エサ子のように足の匂いを嗅ぐ習性は無い。
枝を握って、何かを追い回すこともない。
「いや、雰囲気ではなく見た目な...深く考えるな、お姉ちゃんが返って来たぞ」
両腕を拡げている。
さあ、この胸に飛び込んで来いという身体言語だ。
これを無下にすると、姉より怖い折檻を受ける訳なので、マルとしても飛び込まざる得ない。
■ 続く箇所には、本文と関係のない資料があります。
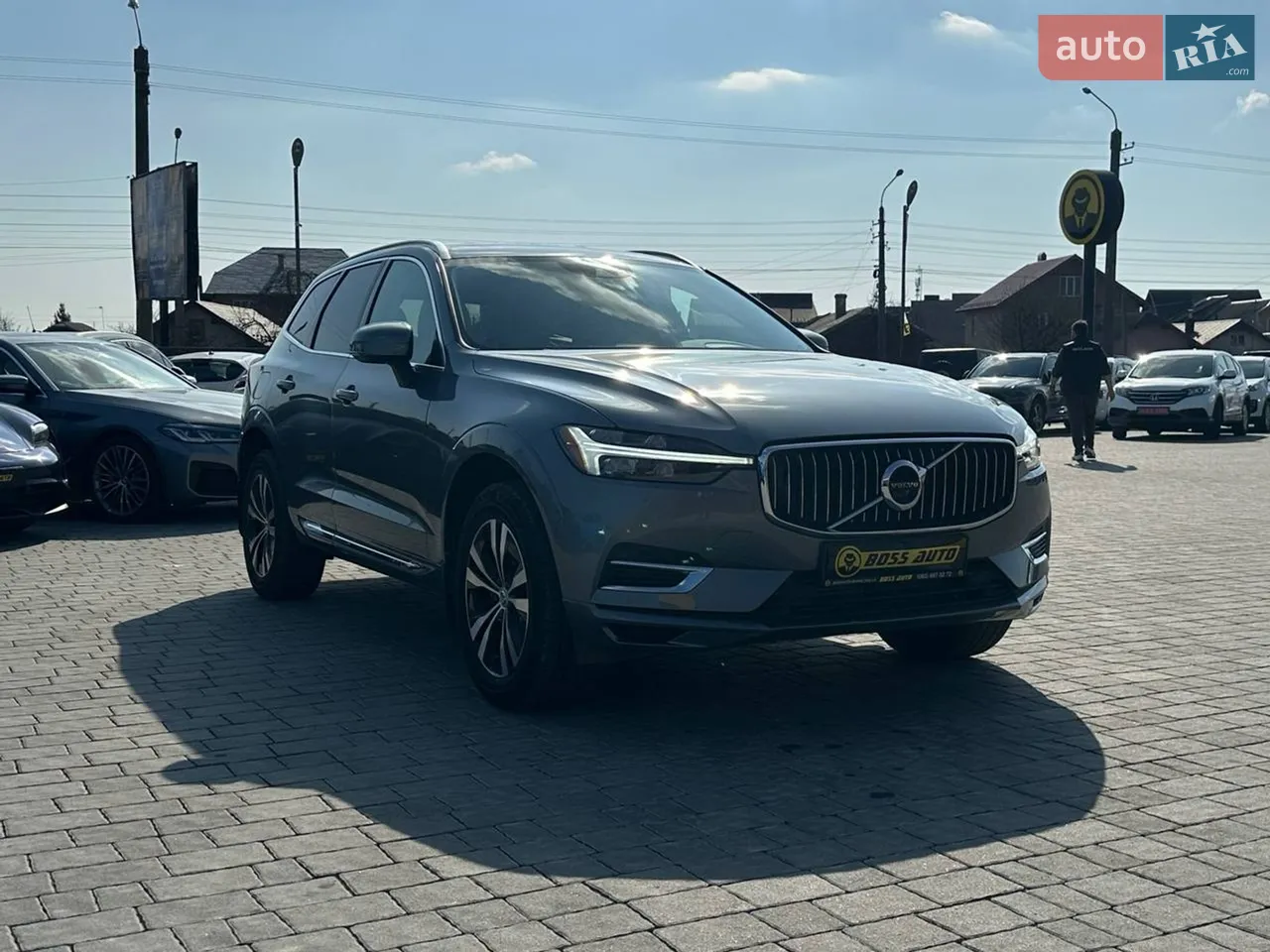 2020 Volvo XC60 - мініатюра 20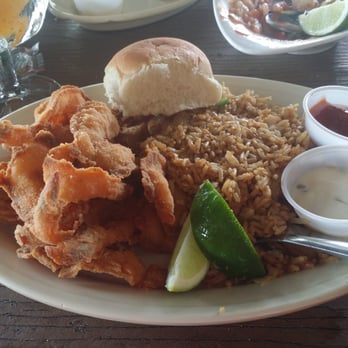 Mambo Seafood - 15 piece shrimp basket - Seafood Near Me - Houston, Texas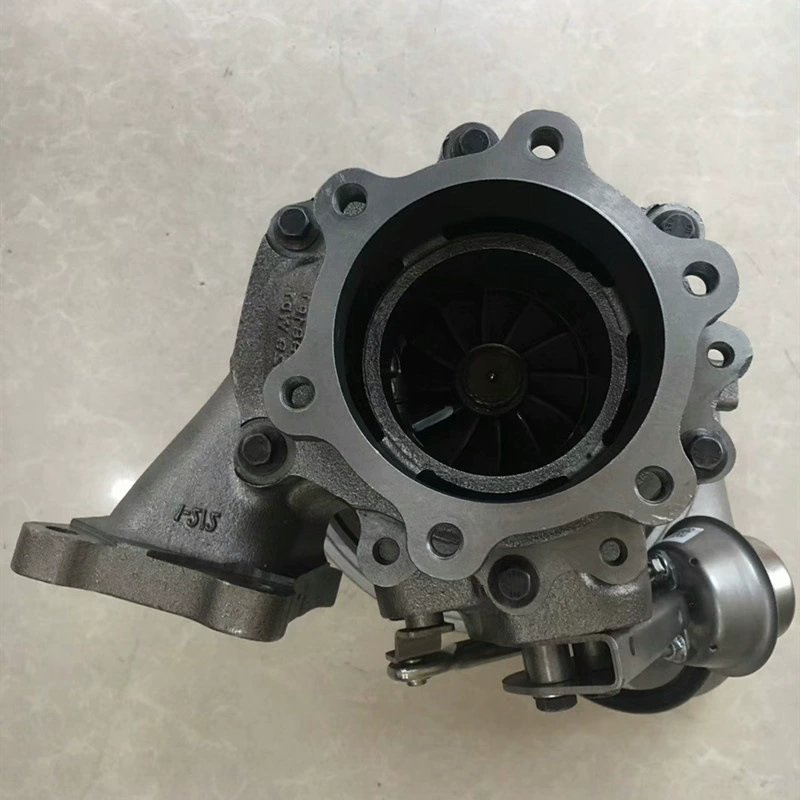 Jiefang Automobile J6P 460 лошадиных сил 1118010-M35-0000 Сборка машины с турбонаддувом Hallset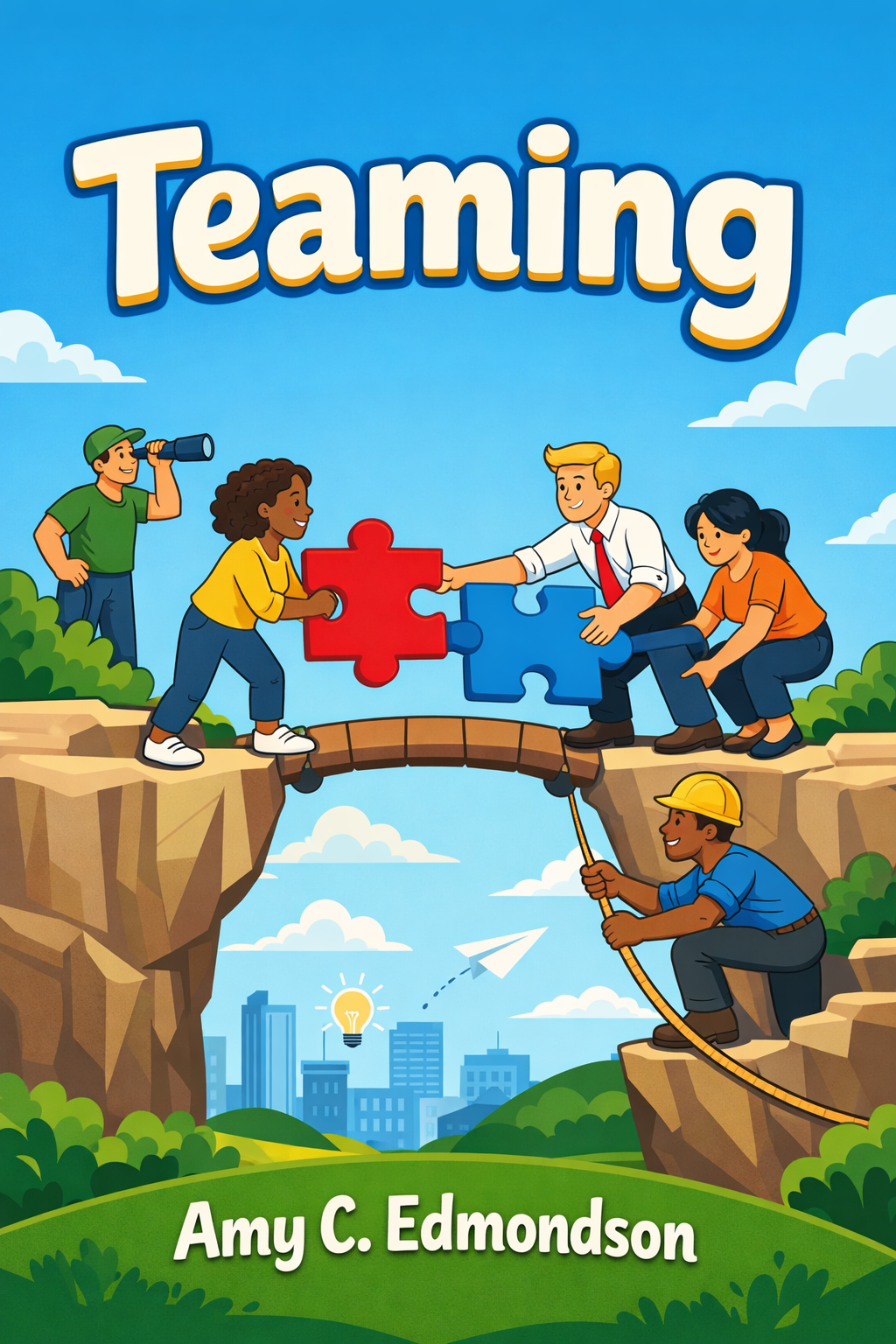 Teaming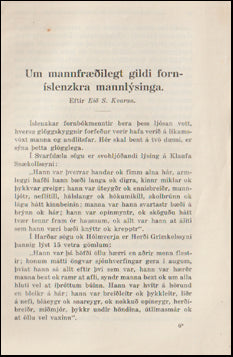 Um mannfræðilegt gildi forníslinzkra mannlýsinga # 68033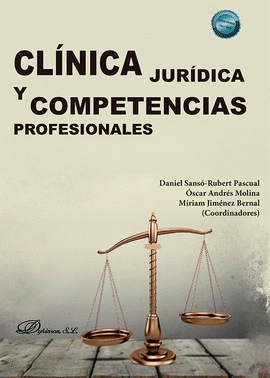 CLINICA JURIDICA Y COMPETENCIAS PROFESIONALES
姉妹の熱い抱擁――傍目から見れば『仲のいい姉妹ですね』とみられるわけだ。事実は、マルの胸中『これで愛情を確かめなくてもいいと思う』である。
◆
「戦況は?」
堡塁と同じ高さに陣を置いた本軍は、周辺を見渡している。
「敵方の主力も、こちらの本陣と時を同じくして投入された。数としては、約1万といったところか...この後に藩王が控えると考えると、やはりこのまま防戦を敷いて別働の皇子が藩都の攻略を..」
と、戦士長の言い終える前に、総大将としてのミカエルが止める。
「死霊騎士が相手で、すでに魔王軍の戦力しか期待できないとしても、人である我々が他人に戦を預けるようでは意味が無い。この国は誰の物か? この土地は誰の物か?!」
「俺たちの物だ!!」
天幕の外から、兵士たちの鼓舞が木霊する。
これは仕掛けだ。
弱音を吐くような貴族が居たら、発破をかけるつもりで仕込んでいた。
が、反応したのは一般兵だった。
ミカエルはイズーガルド人ではない。
が、彼の鼓舞は覿面に機能している。
「俺たちの物だ!!」
――の声が連呼されている。
「イズーガルド人で終わらせる。帝国によって市民に愛想をつかされたかもしれないが、最後の最後で君たち、イズーガルド人が帝国の支配を終わらせなければならない。それが、防戦のままでいいのか?!」
「俺たちの物だ!!」
天幕の外では、兵士が吠えている。
その声は、最前線で戦う魔王軍と、スライムナイトも奮い立たせる力を与えていた。